This month, we feature a question-and-answer session with Dr. Stanton Cope. The retired Navy captain and former director of the U.S. Armed Forces Pest Management Board is director of entomology and regulatory services for Memphis, Tenn.-based Terminix. In February, Dr. Cope was installed as president of the American Mosquito Control Association (AMCA), only the second pest management professional (PMP) in the association’s 81-year-history to serve in that capacity. Bill Zawicki, who served 1999-2000, was the first.
- How did you become interested in entomology? I understand your dad was a medical doctor, and expected you to be one, too.
- I grew up in Huntington, a small town in Indiana, and I guess I revolted against all those “be an MD” expectations a little.
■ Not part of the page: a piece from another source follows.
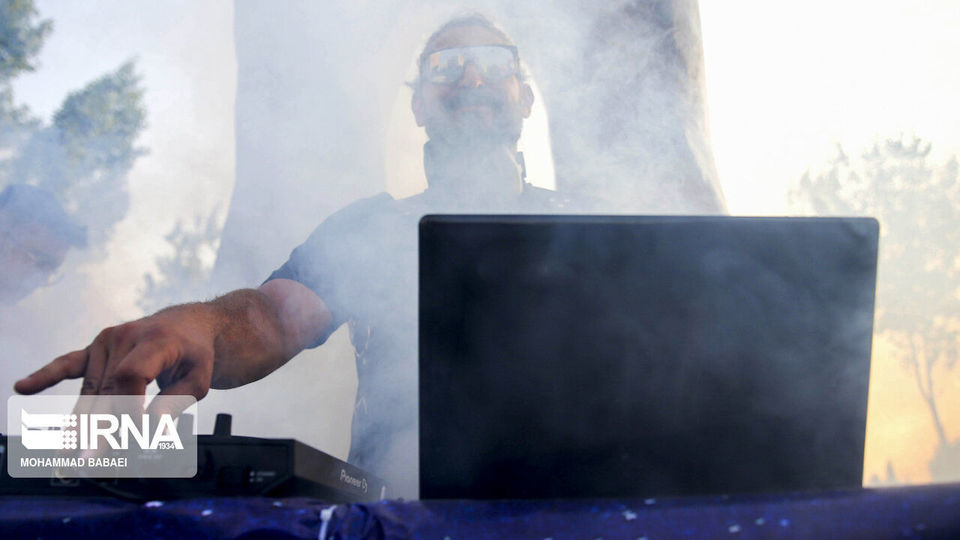 مسابقات موتور سواری سوپر اندرو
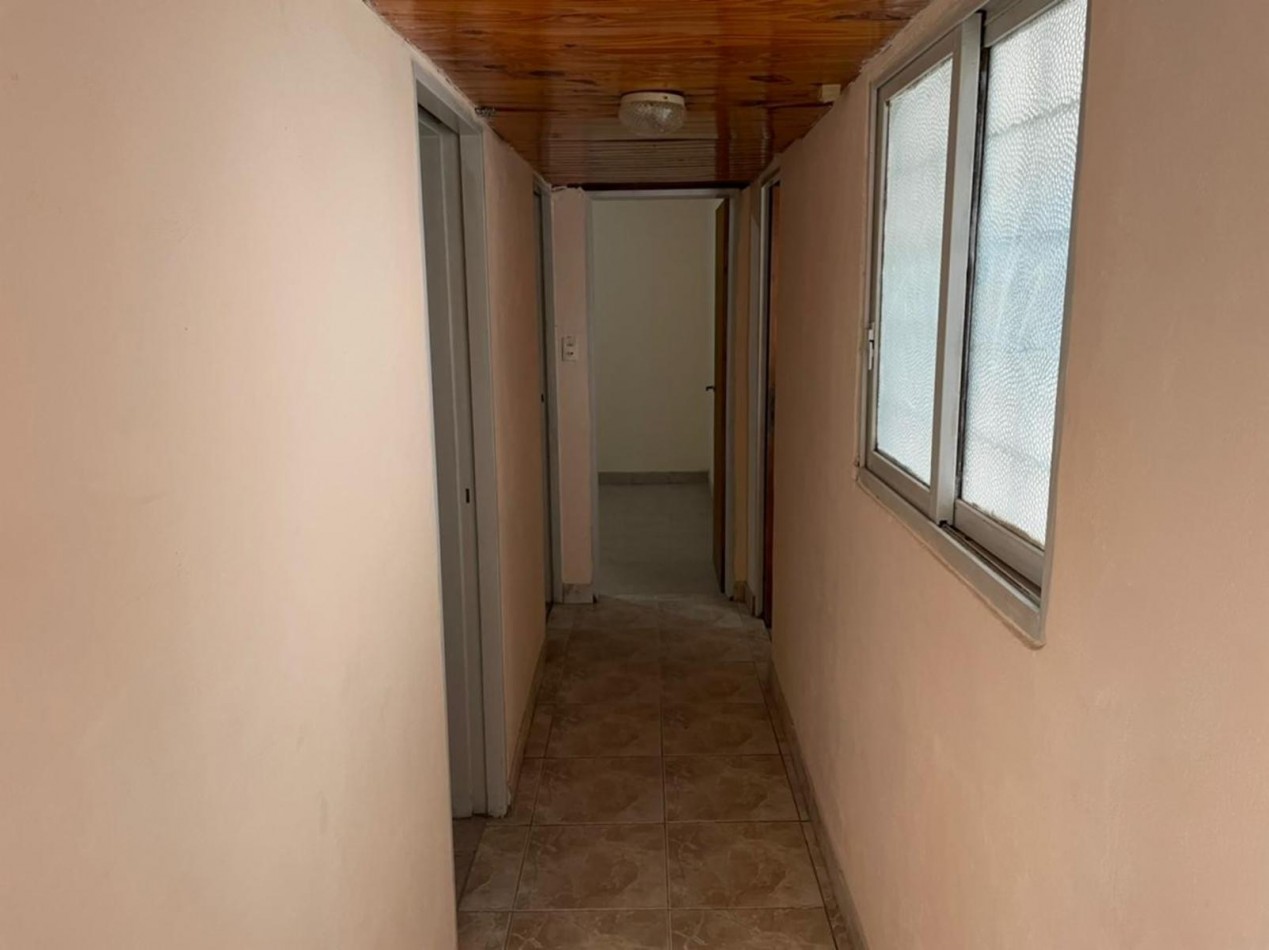 Casa con 2 departamentos en Venta - Nuevo Valor - Libertad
I ended up graduating college, but wasn’t sure what to do next. A friend told me that the grad-level entomology courses at the University of Delaware were actually pretty fun. I had taken some parasitology and entomology classes as an undergrad, so I said, OK, I’ll try it.
It was total serendipity, but I had a tremendous professor there who fostered my interest in how insects affected public health.
- We probably can’t go much further without addressing Zika virus. How is AMCA addressing this and other mosquito-transmitted disease threats?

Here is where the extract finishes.